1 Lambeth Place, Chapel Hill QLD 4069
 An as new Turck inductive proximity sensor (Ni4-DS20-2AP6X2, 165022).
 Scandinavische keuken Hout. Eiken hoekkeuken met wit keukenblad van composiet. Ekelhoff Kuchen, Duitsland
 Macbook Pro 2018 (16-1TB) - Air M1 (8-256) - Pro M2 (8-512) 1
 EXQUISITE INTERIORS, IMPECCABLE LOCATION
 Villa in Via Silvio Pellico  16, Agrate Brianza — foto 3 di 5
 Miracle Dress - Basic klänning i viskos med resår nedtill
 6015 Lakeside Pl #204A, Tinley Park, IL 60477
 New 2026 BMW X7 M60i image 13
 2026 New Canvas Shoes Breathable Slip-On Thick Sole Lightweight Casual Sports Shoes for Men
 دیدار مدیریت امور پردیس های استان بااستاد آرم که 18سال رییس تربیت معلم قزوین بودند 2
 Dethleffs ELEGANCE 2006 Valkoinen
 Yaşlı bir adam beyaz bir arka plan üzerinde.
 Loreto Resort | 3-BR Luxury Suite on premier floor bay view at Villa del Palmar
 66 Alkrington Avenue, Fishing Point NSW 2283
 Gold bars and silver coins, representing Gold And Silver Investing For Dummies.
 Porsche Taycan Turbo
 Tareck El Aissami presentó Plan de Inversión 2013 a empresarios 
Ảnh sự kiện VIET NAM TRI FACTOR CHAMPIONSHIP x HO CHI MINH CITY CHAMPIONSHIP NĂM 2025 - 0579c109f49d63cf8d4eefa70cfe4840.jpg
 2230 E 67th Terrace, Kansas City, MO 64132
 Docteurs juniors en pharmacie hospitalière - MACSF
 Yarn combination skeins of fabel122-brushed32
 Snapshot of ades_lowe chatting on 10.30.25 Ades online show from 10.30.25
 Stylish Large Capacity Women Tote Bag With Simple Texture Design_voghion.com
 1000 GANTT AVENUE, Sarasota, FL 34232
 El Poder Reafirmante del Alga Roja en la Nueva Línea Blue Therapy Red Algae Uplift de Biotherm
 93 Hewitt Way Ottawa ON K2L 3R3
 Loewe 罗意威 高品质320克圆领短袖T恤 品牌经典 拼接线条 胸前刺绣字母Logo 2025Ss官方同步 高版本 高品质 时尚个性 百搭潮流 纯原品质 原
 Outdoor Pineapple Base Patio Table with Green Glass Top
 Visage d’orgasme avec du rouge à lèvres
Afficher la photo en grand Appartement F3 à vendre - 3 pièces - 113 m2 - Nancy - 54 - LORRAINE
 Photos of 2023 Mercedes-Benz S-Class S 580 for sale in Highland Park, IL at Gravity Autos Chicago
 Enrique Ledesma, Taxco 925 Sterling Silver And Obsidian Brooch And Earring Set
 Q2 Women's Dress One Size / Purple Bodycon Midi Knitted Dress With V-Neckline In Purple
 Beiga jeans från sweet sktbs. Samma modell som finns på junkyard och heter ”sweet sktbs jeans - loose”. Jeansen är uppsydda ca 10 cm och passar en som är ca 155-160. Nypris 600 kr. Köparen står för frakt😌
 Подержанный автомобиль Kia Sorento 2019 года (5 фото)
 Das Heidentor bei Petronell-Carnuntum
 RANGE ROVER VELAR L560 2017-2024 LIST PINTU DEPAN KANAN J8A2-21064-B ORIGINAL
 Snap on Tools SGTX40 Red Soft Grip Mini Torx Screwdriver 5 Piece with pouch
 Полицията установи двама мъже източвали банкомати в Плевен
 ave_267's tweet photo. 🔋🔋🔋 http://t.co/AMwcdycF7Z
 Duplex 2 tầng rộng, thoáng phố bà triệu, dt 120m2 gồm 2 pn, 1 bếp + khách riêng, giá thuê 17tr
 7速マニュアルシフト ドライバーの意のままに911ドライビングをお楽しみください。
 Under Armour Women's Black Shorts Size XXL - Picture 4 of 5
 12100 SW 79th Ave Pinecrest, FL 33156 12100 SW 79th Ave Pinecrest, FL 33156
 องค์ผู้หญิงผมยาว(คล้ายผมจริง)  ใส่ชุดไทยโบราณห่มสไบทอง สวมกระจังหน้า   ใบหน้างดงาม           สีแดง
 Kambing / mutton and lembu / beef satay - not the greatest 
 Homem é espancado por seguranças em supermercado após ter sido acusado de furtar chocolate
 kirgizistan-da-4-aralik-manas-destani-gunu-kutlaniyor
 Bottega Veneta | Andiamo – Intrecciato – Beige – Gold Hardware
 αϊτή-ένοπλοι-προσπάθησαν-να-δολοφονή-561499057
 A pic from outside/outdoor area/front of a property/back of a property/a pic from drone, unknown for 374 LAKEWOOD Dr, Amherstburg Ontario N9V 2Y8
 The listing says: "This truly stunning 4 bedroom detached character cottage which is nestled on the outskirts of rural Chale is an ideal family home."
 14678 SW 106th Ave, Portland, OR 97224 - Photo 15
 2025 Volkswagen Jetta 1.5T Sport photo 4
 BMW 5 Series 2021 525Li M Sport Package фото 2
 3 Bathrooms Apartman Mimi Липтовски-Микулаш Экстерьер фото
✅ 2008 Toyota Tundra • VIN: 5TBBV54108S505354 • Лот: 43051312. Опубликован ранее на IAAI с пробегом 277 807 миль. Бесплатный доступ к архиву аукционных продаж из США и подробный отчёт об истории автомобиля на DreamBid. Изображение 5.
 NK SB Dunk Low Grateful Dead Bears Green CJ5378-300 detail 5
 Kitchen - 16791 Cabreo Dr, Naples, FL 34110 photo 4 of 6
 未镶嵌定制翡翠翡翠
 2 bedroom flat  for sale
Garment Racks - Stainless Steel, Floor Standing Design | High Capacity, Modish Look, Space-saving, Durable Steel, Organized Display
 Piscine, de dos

----------------

Assignment: The lines to return are those in the records above that hold the word "from".

Answer area:
 Snapshot of ades_lowe chatting on 10.30.25 Ades online show from 10.30.25
 A pic from outside/outdoor area/front of a property/back of a property/a pic from drone, unknown for 374 LAKEWOOD Dr, Amherstburg Ontario N9V 2Y8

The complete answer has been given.